In 2013 the group's annual conference was addressed by white nationalist ideologue Richard Spencer, before he was barred from 26 European countries including the UK after being deported from Hungary for holding a far-right conference. The 2013 gathering also hosted Austrian anti-Islam activist Markus Willinger.

Richard Spencer
White nationalist leader Richard Spencer of the National Policy Institute gives a speech on campus at Texas A&M University Reuters/Spencer Selvidge

Labour MP Louise Haigh, who received death threats after calling for far-right group Britain First to be banned, said: "Globally conservatism is being hijacked by hard right nationalists who sense a once-in-a-lifetime opportunity to make their repugnant, prejudiced views mainstream."

"Assisted repatriation of anyone in the UK not 'of European stock'; calling on brilliant, courageous women like Doreen Lawrence to 'go back to their natural homeland'; these are the views of white nationalists and should never be normalised. Rather than inviting them to their anniversary bash, the Bow Group should treat the people who hold these views with the contempt they deserve."

Gerry Gable, director of the Searchlight anti-racism group, said: "The Bow Group when I was a young man was viewed as the liberal wing of the Conservative Party. It has moved further to the right and now its meetings are attended by people from the far-right.

"Further, do the RAF Club not care who they allow to hold meetings and dinners on their premises? This is insult enough to our war dead."

What is the alt-right?

The alt-right is a loose collection of people with far-right views that came to prominence during Donald Trump's election campaign. Many members operating online profess views related to white supremacism, nationalism, anti-feminism and Islamophobia, amongst others. There isn't a defined core ideology to the movement, aside from a rejection of America's mainstream conservatism. Alt-right members generally supported Donald Trump and hailed campaign promises to build a wall along the US-Mexico border and ban Muslims from entering the country.

The Bow Group, which counts senior Tory luminaries Geoffrey Howe, Norman Lamont and Michael Howard among its former chairmen, was founded in 1951, and declares its mission to "provide an intellectual home to conservatives in the United Kingdom."

In recent months there has been controversy over the think-tank's move to the right, with patrons including Sir Michael Heseltine releasing a strongly worded statement in May 2015, criticising its endorsement of Ukip under current chairman Ben Harris-Quinney.

Harris-Quinney, who has written for the alt-right linked Breitbart news network, told IBTimes UK in an emailed statement that "We were generally offering group discounts to people/organisations who wish to purchase 5 places or more.

"The purpose of this event is to celebrate 65 years of the Bow Group and hear from The Hon Tony Abbott, it has nothing to do with partnership with any other groups or any ideology other than conservatism.

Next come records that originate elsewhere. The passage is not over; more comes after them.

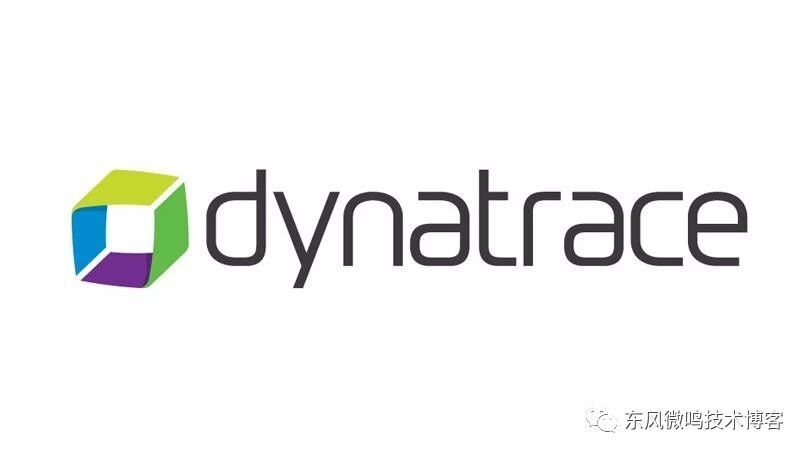 Dynatrace抓取系统中的任何方法Method的参数值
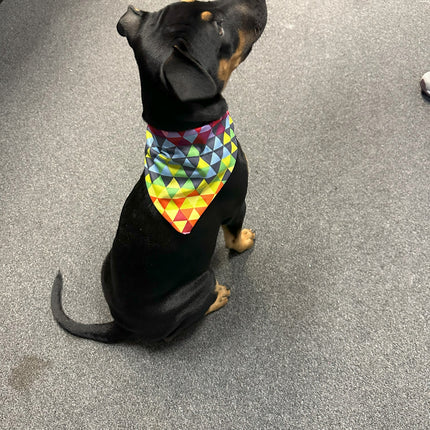 Crazy Triangles Bandanna image 0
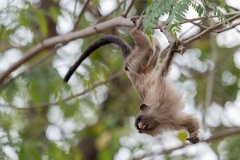 DPPhotography - Pantanal - Black-tailed marmoset - N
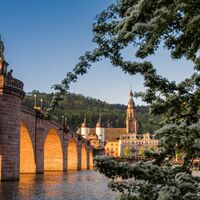 Alte Brücke Heidelberg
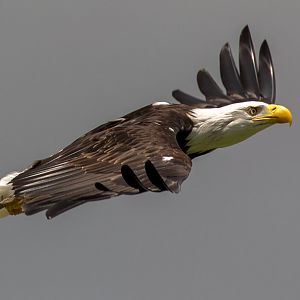 Bald eagle : Whipsnade : 17 Jul 2016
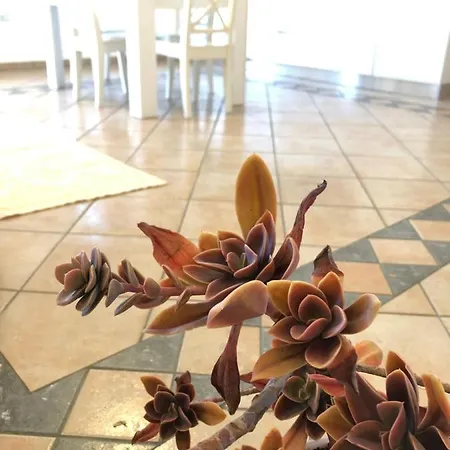 Apartmán Sanseveria Tortolì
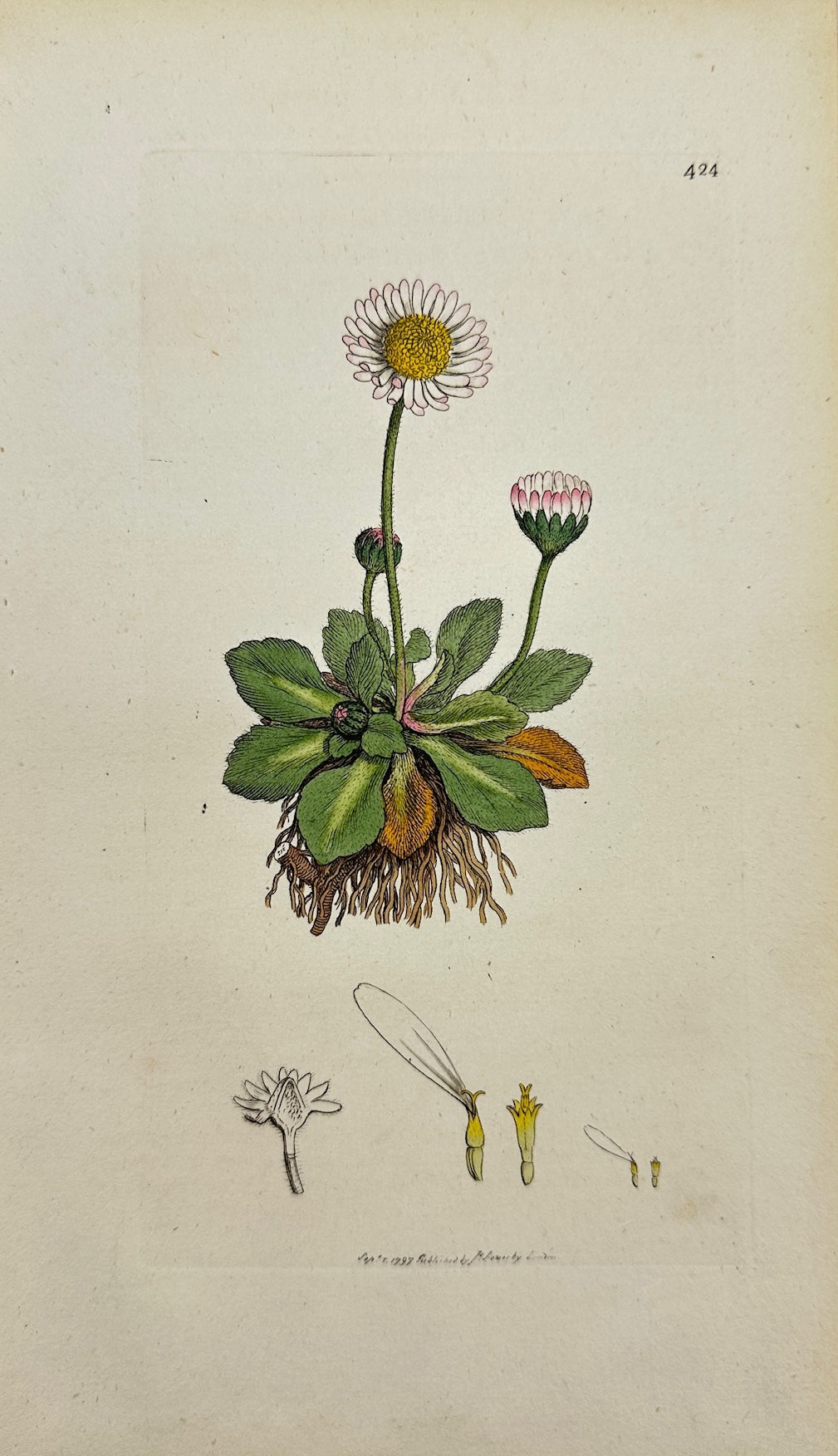 Antique Botanical Print - James Sowerby - Bellis Perennis - Common Daify - F1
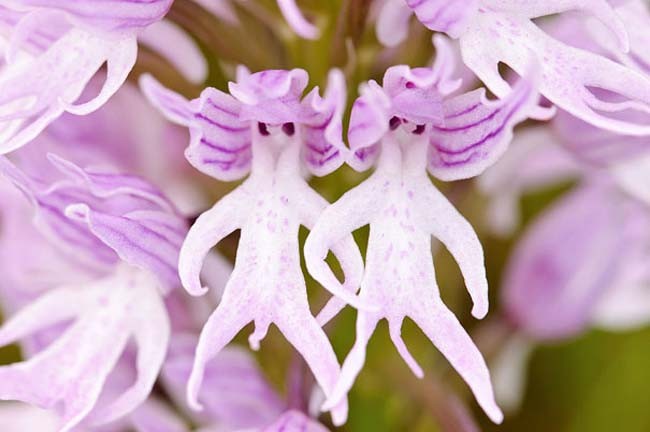 Loài hoa này có hình dáng giống như một con người
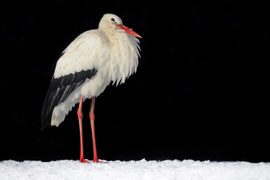 Weissstorch im Schnee - Schweiz (2023)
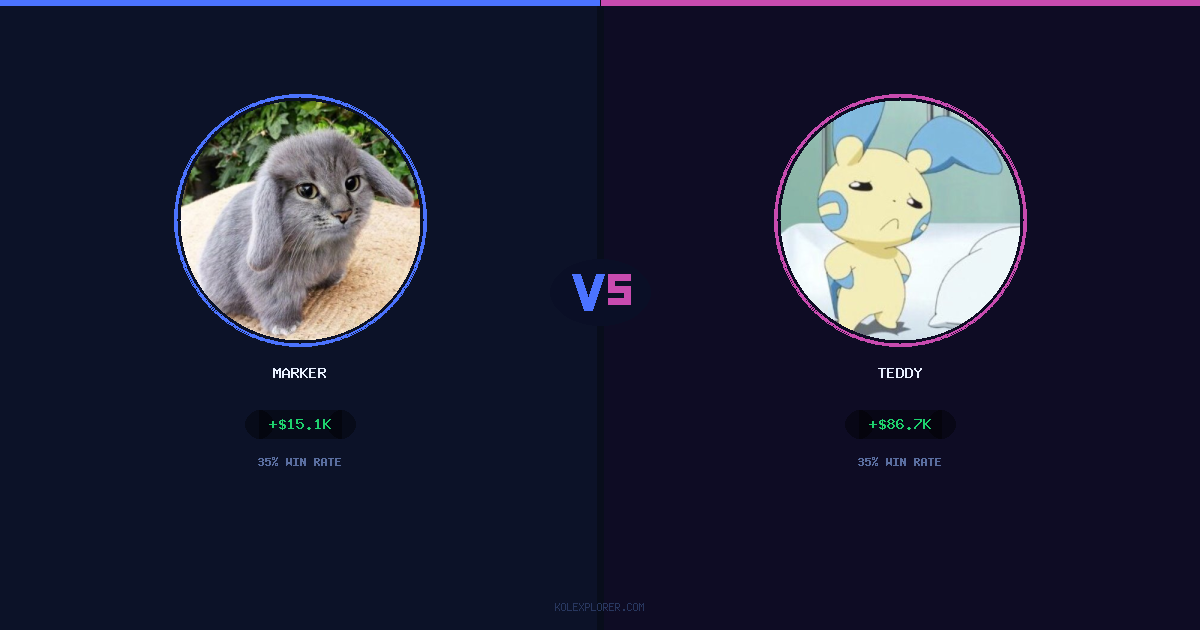 Marker vs Teddy preview
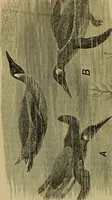An illustration from Animal locomotion or walking, swimming, and flying : with a dissertation on aëronautics (1873)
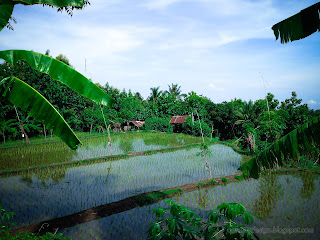Rural Green Scenery Of The Rice Fields Of Agricultural Land At Ringdikit Village, North Bali, Indonesia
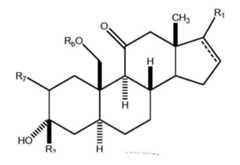 Figure 112021066704426-pat00013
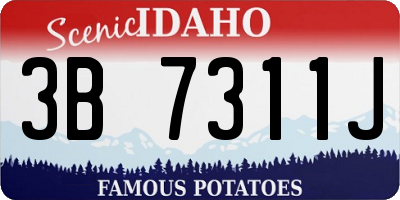 ID license plate 3B7311J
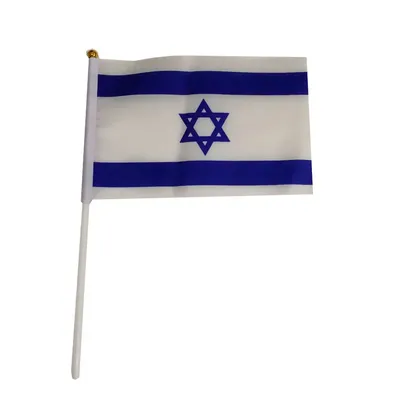 В ФРГ массово срывают и повреждают израильские флаги, пишут СМИ - РИА  Новости, 16.10.2023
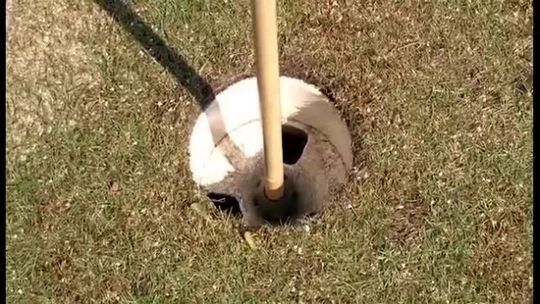 GOLFOWE  ROZGRYWKI NA SŁUBICKIM POLU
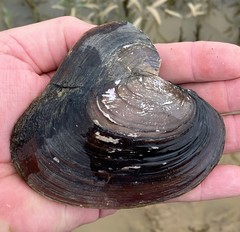 Potamilus inflatus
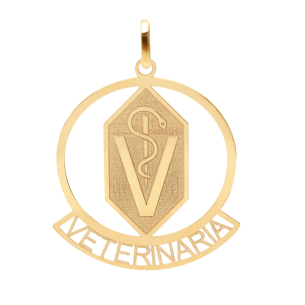 Pingente Profissão Veterinária Ouro 18k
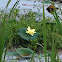 Water Lily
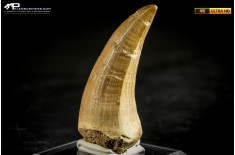 Dente fossile di Mosasaurus sp.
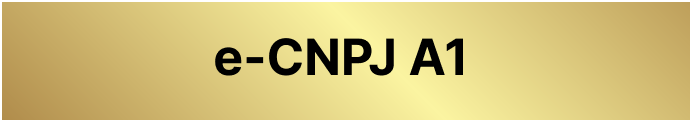 e-CPF A1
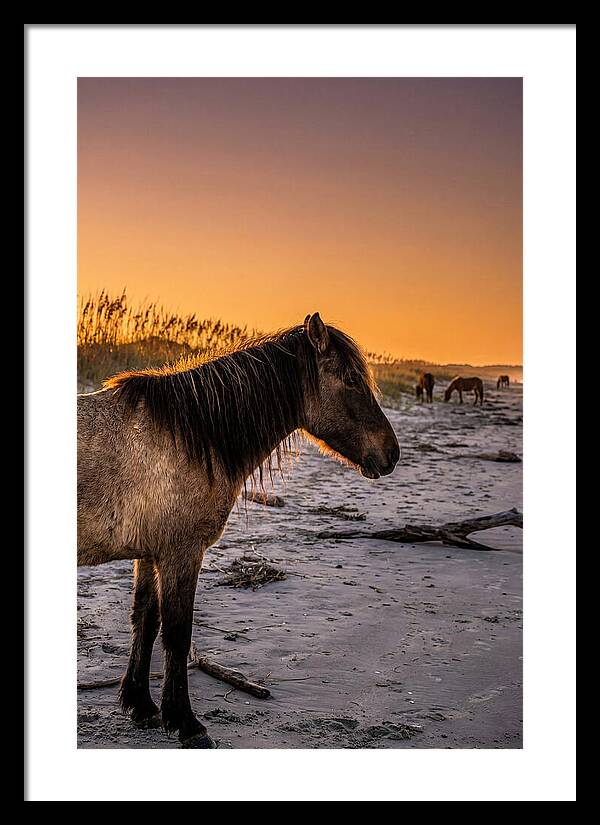 Cumberland Horses At Sunset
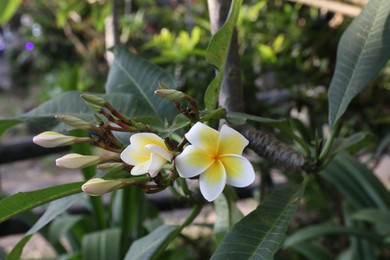 Photo of Plumeria shrub with beautiful flowers growing outdoors, closeup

Any suggestion otherwise would be groundless."

A spokeswoman for the RAF Club said: "We do not comment on the particulars or attendees; this is a matter for the event organisers."

In a statement, a spokesperson for the Traditional Britain Group said: "We are neither 'Far-Right' nor 'White Nationalists'. We are traditional Tories. Admittedly a rare species today.

"We do not have political proscription (yet) in Great Britain and there is no reason why an organisation like ours, which has been addressed by all manner of respectable people, including Simon Heffer and Sir Roger Scruton, should be seen as anything other than just another pressure group, and acceptable in an open and free society."